How Will the Shadow Inventory Affect the Massachusetts Housing Market?

By
Real Estate Agent with The Buyers' Counsel

House with a shadowYou see them everywhere throughout Massachusetts.   Homes with overgrown lawns and "No Trespassing" on the door - but no real estate sign in sight.  

These are properties that are part of the, so-called, "Shadow Inventory" which is comprised of homes that banks have taken back after foreclosure and have held onto rather than sell. 

What motivates banks to take such action (or, inaction)? 

While it is possible that they are overwhelmed with a glut of delinquent loans and possibly the lack the staffing or manpower to handle them, it could also be a well-planned strategy. 

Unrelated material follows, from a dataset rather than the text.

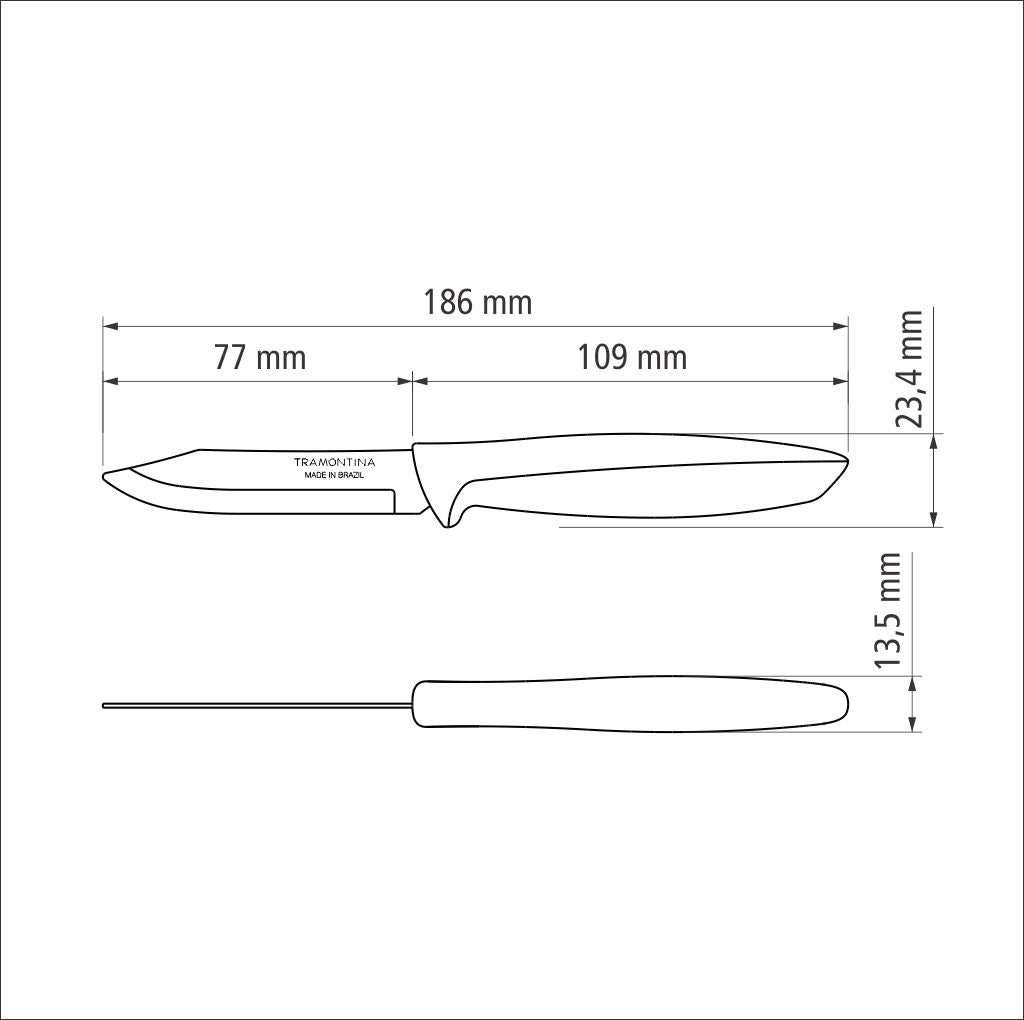 Tramontina Plenus Vegetable and Fruit Knife 3'' Stainless Steel Blade & Off White Polypropylene Handle 23420/133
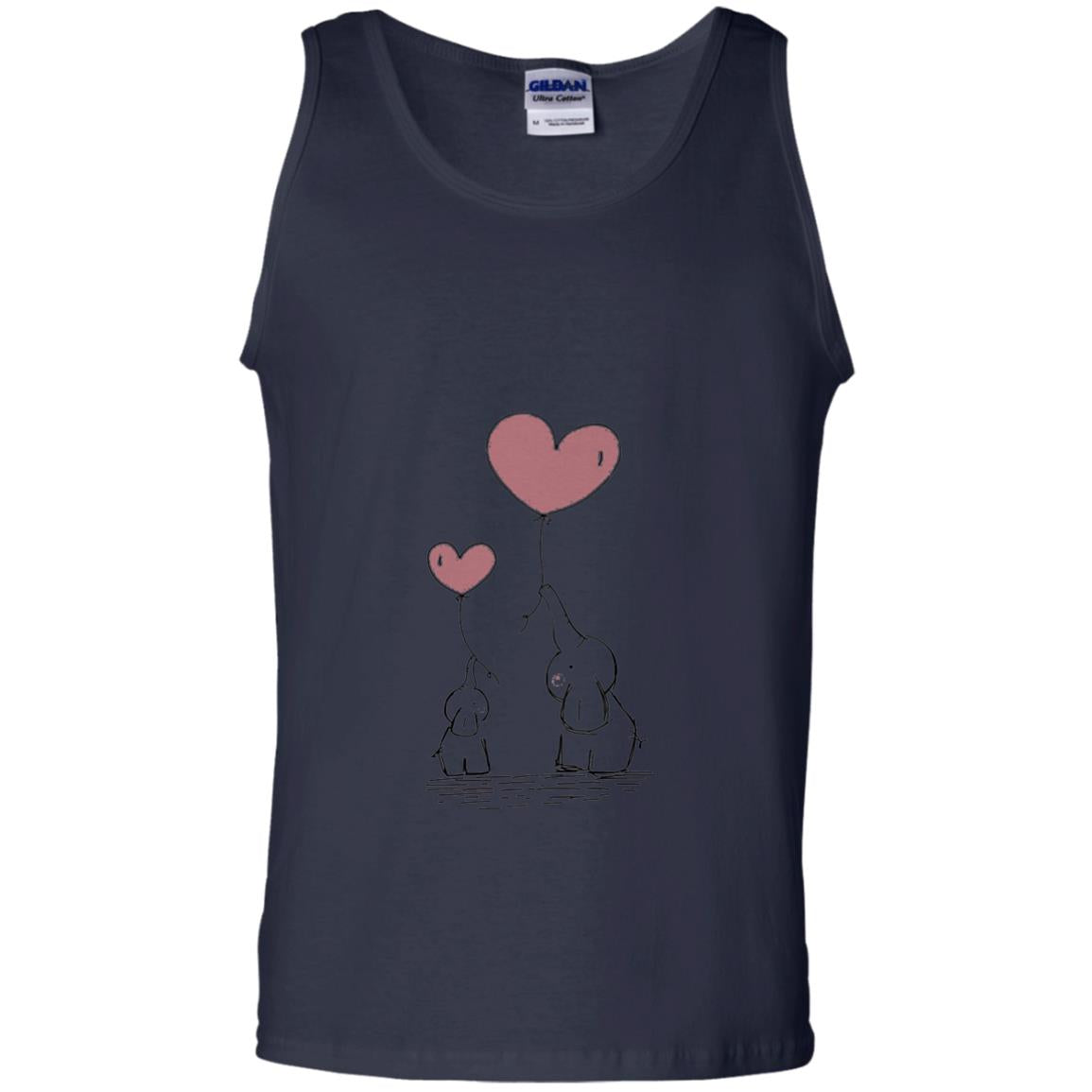 Elephants Mom Heart Balloons Family Shirt Navy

In a statement last month, chief economist, Lawrence Yun said: 

"I believe that many banks including Fannie and Freddie, who are also holding onto some properties, are releasing foreclosed properties in a measured way so as to not to flood the market which they perceive then perhaps could lead them to even more drastic price cuts. So they are releasing properties on a measured pace as a business decision to minimize losses."

This seems to be an indication that the policy is well-known if not endorsed by industry insiders. 

So, how will this Shadow Inventory of Homes affect future home values? 

Lenders are purposely making these properties unavailable in order to control the present inventory and to create more demand (higher prices) for the homes currently on the market.  It is also keeping them from having to show a loss.   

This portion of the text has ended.